Python Parallel Processing - Tips and Applications

After playing around with Jeremy’s fast imagenet process notebook, I wanted to start a thread for all of us to discuss parallel processing in python. Specifically, the benefits/drawbacks, applications for deep learning, and to share anecdotal performance benchmarks and ideas for how we can improve our model training times.

After the lecture, I read up on Python’s new concurrent.futures library and wrote some test code to see if I could replicate the benefits. To start, here are some very rough notes on the differences. I also put together a small jupyter notebook to verify these ideas in practice.

What is parallel processing?
Basically doing two things at the same time, by either running code simultaneously on different CPUs, or running code on the same CPU and achieving speedups by taking advantage of “wasted” CPU cycles while your program is waiting for external resources–IO, API calls.

Serial Programming

Parallel Programming

In this example we use two threads to achieve speedups over normal serial programming.

Processes vs Threads
A process is an instance of program (e.g. Jupyter notebook, Google Chrome, Python interpreter). Processes spawn threads (sub-processes) to handle subtasks like reading keystrokes, loading HTML pages, saving files. Threads live inside processes and share the same memory space (they can read and write to the same variables).

Ex: Microsoft Word
When you open Word, you create a process (an instance of the program). When you start typing, the process spawns a number of threads: one to read keystrokes, another to display text on the screen, a thread to autosave your file, and yet another to highlight spelling mistakes. By spawning multiple threads, Microsoft takes advantage of “wasted CPU time” (waiting for your keystrokes or waiting for a file to save) to provide a smoother user interface and make you more productive.

Process

  • Created by the operating system to run applications and programs
  • Processes can have multiple threads
  • Processes have more overhead than threads as opening/closing processes takes more time
  • Sharing information between processes is slower than sharing between threads as processes do not share memory space. In python they share information by pickling data structures like arrays which requires IO time.
  • Two processes can execute code simultaneously in the same python program

Thread

  • Threads are like mini-processes
  • They exist in shared memory space and can easily access the same variables
  • Two threads cannot execute code simultaneously in the same python program (with exceptions)

Python’s GIL problem

  • CPython and GIL prevent two threads from executing simultaneously in the same python program
  • Other languages do not have this problem and are able to run multiple threads simultaneously on multiple cores/CPUs
  • Libraries like Numpy work around this limitation by running external code in C

CPU vs Core

  • The difference is slightly confusing to me (please correct me), but a CPU, also known as a “processor” manages the fundamental computation work that allow computers to run programs.
  • A CPU can have multiple cores, which allow the CPU to execute code simultaneously.
  • With a single core, there is no speedup for CPU-intensive tasks (loops, arithmetic), but the ability to launch multiple threads/processes allows applications to “seem to do things simultaneously” which is important for a buttery user experience and does achieve speedups
  • With only 1 CPU, only one instruction can be run at a time, so the OS switches back and forth between threads/processes executing each a little at a time.
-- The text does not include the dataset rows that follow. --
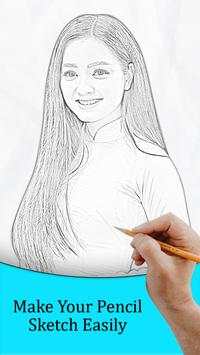 Pencil Sketch - Photo Sketch Editor screenshot 3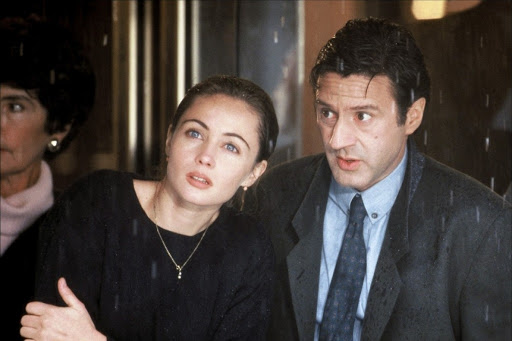 emmanuelle beart et daniel auteuil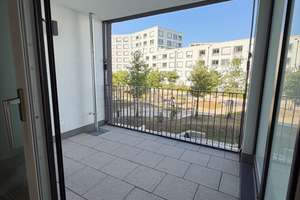 Naturnah und urban: Neuwertige, moderne, teilmöblierte 3-Zimmer-Wohnung in Neupasing – Angela-Molitoris-Platz 7, 81245 Neupasing, München – Vorschaubild 11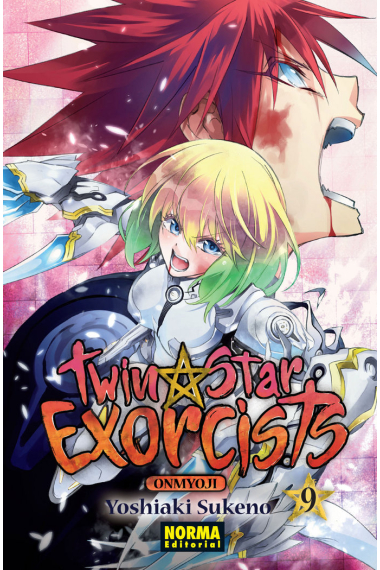 Twin Star Exorcist 9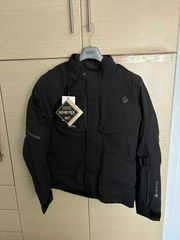 Rev'IT Trench 2 Gore-Tex  Ανδρικό Μπουφάν Μηχανής 4 Εποχών Αδιάβροχο Μαύρο Large (ΚΑΙΝΟΥΡΙΟ)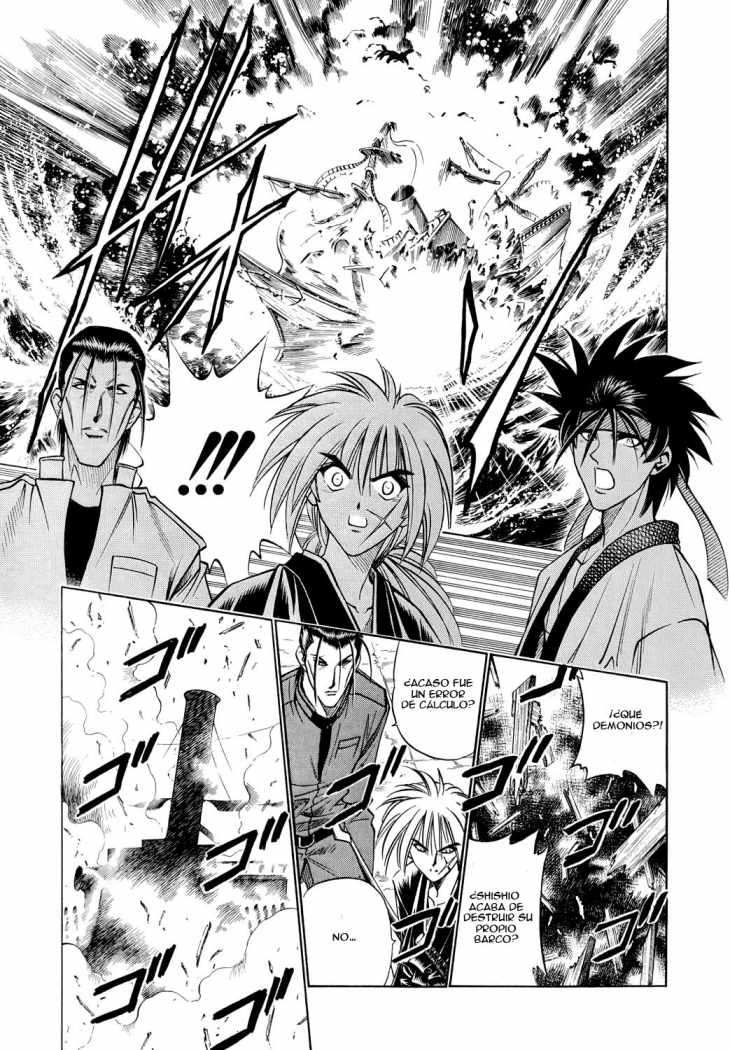 Read Rurouni Kenshin ES Manga Online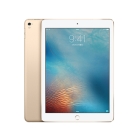 Apple iPad Pro 9.7 inch Wi-Fi + Cellular 128GB au Gold Tablet Japanese version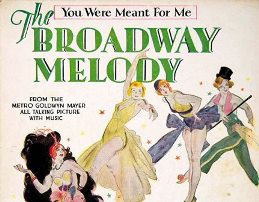 Melodia da Broadway (1929)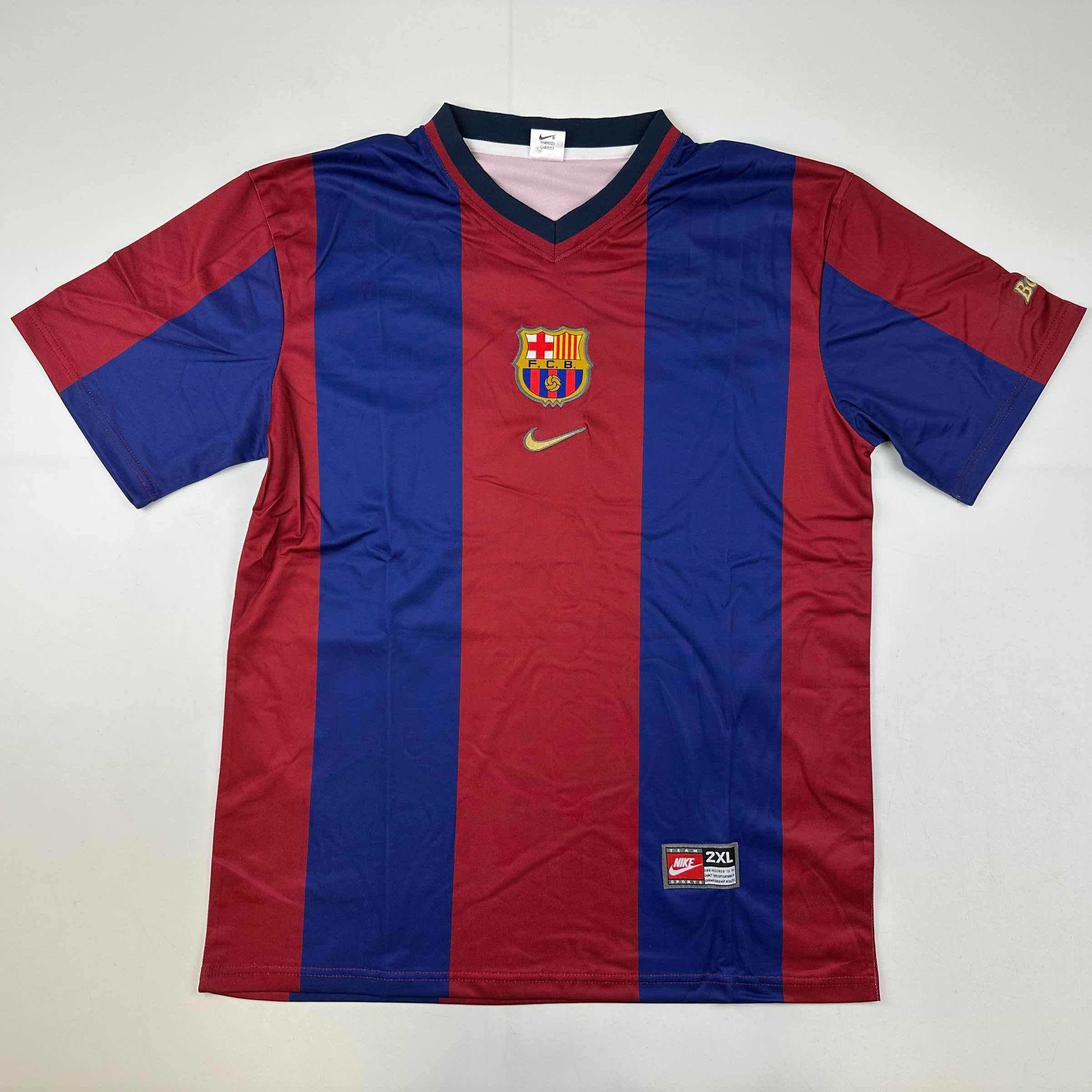 FC Barcelona 直筆サイン入りユニフォーム Autographed/Signed Zlatan Ibrahimovic FC Barcelona Soccer Jersey
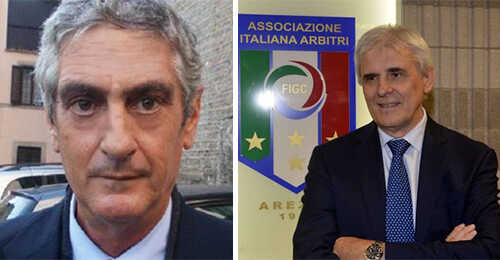 Salerno, parole durissime di Boggi contro Nicchi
When to use threads vs processes?

  • Multiprocessing - can speed up Python operations that are CPU intensive b/c they benefit from multiple cores/CPUs and avoid the GIL problem
  • Multithreading - no benefit in python for CPU intensive tasks b/c of GIL problem (this problem is unique to CPython)
  • Multithreading is often better than multiprocessing at IO or other tasks that rely on external systems because the threads can combine their work more efficiently (they exist in the same memory space). Multiprocessing needs to pickle the results and combine them at the end of the work

Here’s a good SO post on the differences.

Numpy Operations

  • For certain operations, (dot product), Numpy works around python’s GIL and can execute code in parallel on multiple CPUs.
  • Dot product uses parallel processing by default. You don’t need to write custom multitasking code
  • Other Numpy operations like multiplication and addition, do NOT run in parallel by default, however, unlike vanilla Python code, you CAN achieve speedups with threads/processes
  • Numpy works around the GIL because its python code makes calls to code in raw C

Context Switching and Overhead

  • For small operations (only a few loops), I didn’t see any benefit from multitasking
  • This is likely because of the overhead of launching and maintaining multiple threads/processes (OS context switching)

Some Example code

def multithreading(func, args, workers):
    with ThreadPoolExecutor(max_workers=workers) as executor:
        res = executor.map(func, args)
    return list(res)
        
def multiprocessing(func, args, workers):
    with ProcessPoolExecutor(max_workers=workers) as executor:
        res = executor.map(func, args)
    return list(res)

API calls
I found threads work better for API calls and see speedups over serial processing and multiprocessing

def download(url):
    try:
        resp = urlopen(url)
    except Exception as e:
        print ('ERROR: %s' % e)

2 threads

4 threads

2 processes

4 processes

IO Heavy Task
I passed in a huge file to see how performance differed. Threads seemed to win here again, but multiprocessing also beat serial processing.

def io_heavy(text,base):
    start = time.time() - base
    f = open('output.txt', 'wt', encoding='utf-8')
    f.write(text)
    f.close()
    stop = time.time() - base
    return start,stop

Serial

%timeit -n 1 [io_heavy(TEXT,1) for i in range(N)]
>> 1 loop, best of 3: 1.37 s per loop

Multithreading 4 threads

Multiprocessing 4 processes

Numpy Addition
Multiple threads/processes helped here, but only to a point. If I added too many I started to see slow downs. Likely due to the overhead of launching processes/threads and context switching.

def addition(i, base):
    start = time.time() - base
    res = a + b
    stop = time.time() - base
    return start,stop

Serial

%timeit -n 1 [addition(i, time.time()) for i in range(N)]
>>1 loop, best of 3: 14.9 s per loop

2 Threads

4 Threads

Dot Product
As expected, I saw no benefit from adding threads or processes to this code. Parallel processing works out-of-the-box.

def dot_product(i, base):
    start = time.time() - base
    res = np.dot(a,b)
    stop = time.time() - base
    return start,stop

Serial: 2.8 seconds
2 threads: 3.4 seconds
2 processes: 3.3 seconds

CPU Intensive
Multiprocessing won the day here as expected–multiple processes avoid python’s GIL and can execute simultaneously on different CPUs/cores.

def cpu_heavy(n,base):
    start = time.time() - base
    count = 0
    for i in range(n):
        count += i
    stop = time.time() - base
    return start,stop

Serial: 4.2 seconds
4 threads: 6.5 seconds
4 processes: 1.9 seconds

Here’s the notebook you can use to play around with this code.

Resources
Here are all the great articles I benefited from as I researched this topic. I’m only rehashing what’s been explained by my betters.

40 Likes

This is fantastic! I hope you’ll publish that when you feel ready! :slight_smile: I read through it, and it all looks right to me.

4 Likes

Another great one here @brendan! Thanks for writing this up.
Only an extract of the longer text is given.